さっきの入れ子の話ですが、じつは、ことばだけでなく、自然数の体系も同様の性質を持っています。自然数1、2、3……は、1は自然数、そして、nが自然数ならば、n+1は自然数と規定しておくと、最大の自然数というものは存在しない。無限に大きくしていくことができるというシステムです。ことばにしても、自然数にしても、入れ子という仕組み持っていて、それを操ることができるのは人間だけ、ヒトだけです。どうして人間の脳だけがことばと数を操れるのか? ことばと数のどちらが先にできたのか?……
ところで、ことばの性質を探っていく上で、これといった決まった方法は何もない、とチョムスキーは言っています。
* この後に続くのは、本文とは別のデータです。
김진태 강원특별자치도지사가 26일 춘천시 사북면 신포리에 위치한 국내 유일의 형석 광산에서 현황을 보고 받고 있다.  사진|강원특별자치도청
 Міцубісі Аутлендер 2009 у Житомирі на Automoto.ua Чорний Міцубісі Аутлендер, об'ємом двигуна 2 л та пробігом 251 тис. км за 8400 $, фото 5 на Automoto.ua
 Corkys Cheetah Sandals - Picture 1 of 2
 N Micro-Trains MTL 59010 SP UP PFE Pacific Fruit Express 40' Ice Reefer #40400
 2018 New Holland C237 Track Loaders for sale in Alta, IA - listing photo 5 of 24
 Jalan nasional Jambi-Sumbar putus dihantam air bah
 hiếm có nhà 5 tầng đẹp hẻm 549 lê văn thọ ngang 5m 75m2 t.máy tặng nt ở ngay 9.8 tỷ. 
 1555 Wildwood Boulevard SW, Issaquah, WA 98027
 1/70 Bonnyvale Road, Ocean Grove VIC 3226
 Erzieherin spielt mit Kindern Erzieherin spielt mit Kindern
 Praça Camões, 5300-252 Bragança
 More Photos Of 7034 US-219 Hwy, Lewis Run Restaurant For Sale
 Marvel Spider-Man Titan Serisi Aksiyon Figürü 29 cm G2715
大切なのは「合理的に考える」ことであり、それだけが唯一の制約だ、と。
普遍文法というのはチョムスキーの考え方ですが、ことばに人類共通の基盤があること、つまり、普遍性があるということを否定する言語学者は一人もいません。では、なぜ普遍性が存在するのだろうか?──人間の子どもは誰でも母語を身につけることができるのだけれども、生まれた時にはどの言語が母語になるか決まっているわけではない。生まれてから日本語に触れていれば日本語が母語に、英語に触れていれば英語が母語になる。つまり、後天的に決まる。そして、生まれてから触れる言語が何語であっても脳は対応できる。このことを説明する合理的な理由として、ことばは個別性ともに普遍性を持っており、その普遍性はことばに関して脳が対応できる範囲を反映したものと考えてはどうだろうか。こんな具合に考えるのです。もちろん、そう考えると決めたら、本当に普遍性が存在するのか、どんな普遍性が存在するのか、こうした点を探っていかなくてはなりませんし、その結果、徐々に浮かび上がってくる普遍性の姿がさきほどの母語獲得の話とどの程度うまく符合するのか、そういうことを考える必要があります。現在、研究の最前線ではそうした検討が世界規模でなされています。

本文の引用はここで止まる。